Continuing Creeping Commoditisation
Value chains continue to commoditise, especially at the lower end. Unless salespeople can move up the value chain to a place of greater value add, they become very expensive communication conduits of price and delivery information.
Increasing Transparency Being Demanded
If your margins rely on opaqueness you will struggle to maintain them. If a cost plus margin is added with no demonstrable value add customers start to ask questions. Open book pricing, and co-creating value is where real partnerships can be built.
Any sales organisation worth its salt soon wrestles with the problem of key account management (KAM). Many invest money in KAM training, which is often little more than “advanced sales training”. As long as KAM training is seen only as ‘development’ for senior sales people, it is likely to fail. Five important dynamics contribute to this failure:
- Poor targeting. KAM involves a lot of work and by definition, not every account can be a key account. First and foremost, it is a resource prioritisation exercise. Having clear criteria for accounts to be on the list is a sine qua non.

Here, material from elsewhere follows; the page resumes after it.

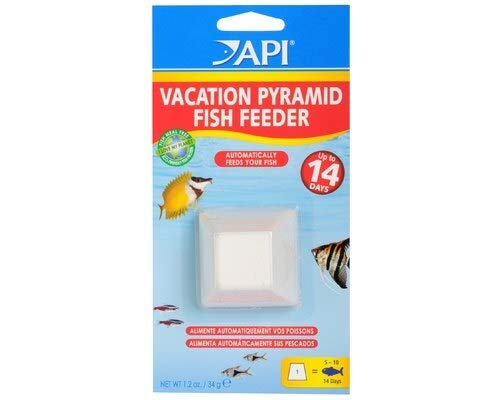 API VACATION PYRAMID FISH FEEDER 14-Day 1.2-Ounce Automatic Fish Feeder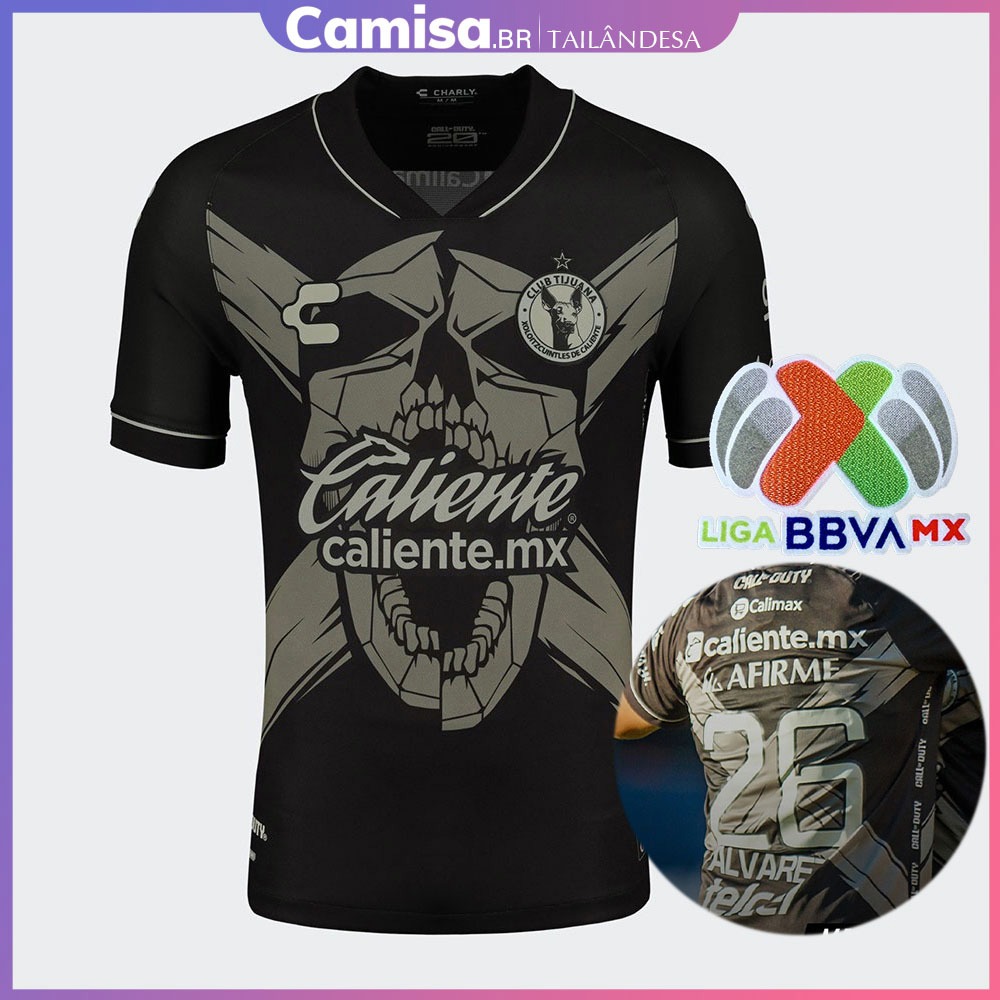 2023 2024 Jersey Tijuana Xolos Tercero Camiseta De Fútbol Personalización Nombre Número Shopee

- Key to both partners. Do your customers see the relationship as key? Looking through their eyes is highly illuminative. Our biggest account may still be an insignificant part of our customer’s business operations and all the effort in the world on our part is likely to be met with indifference on theirs.
- It’s an organisational NOT individual activity. KAM invariably involves alignment of internal processes and teams to follow a plan. KAM is therefore a team development exercise NOT solely an individual one – paying attention to internal co-ordination is a more significant challenge than training the KAM.

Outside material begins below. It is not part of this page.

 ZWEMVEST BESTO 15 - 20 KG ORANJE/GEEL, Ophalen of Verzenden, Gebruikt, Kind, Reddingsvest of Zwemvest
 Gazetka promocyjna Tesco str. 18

- Salesperson or Facilitator? The co-ordination of longer term programmes places the key account manager in the role of change agent, facilitator, internal champion. These skills are often missed in KAM training, which has a heavy customer orientated perspective.
- Wrong Measurement. KAM initiatives are often stillborn because measurement is short term and based on existing sales targeting. Defining a staged plan with clear milestones is often vital in key account development, which in the short term brings no immediate revenue gain. Having the skill to make a good plan and the discipline to execute and measure progress against plan is indispensible.
Good KAM development is therefore a mix of training and organisational development.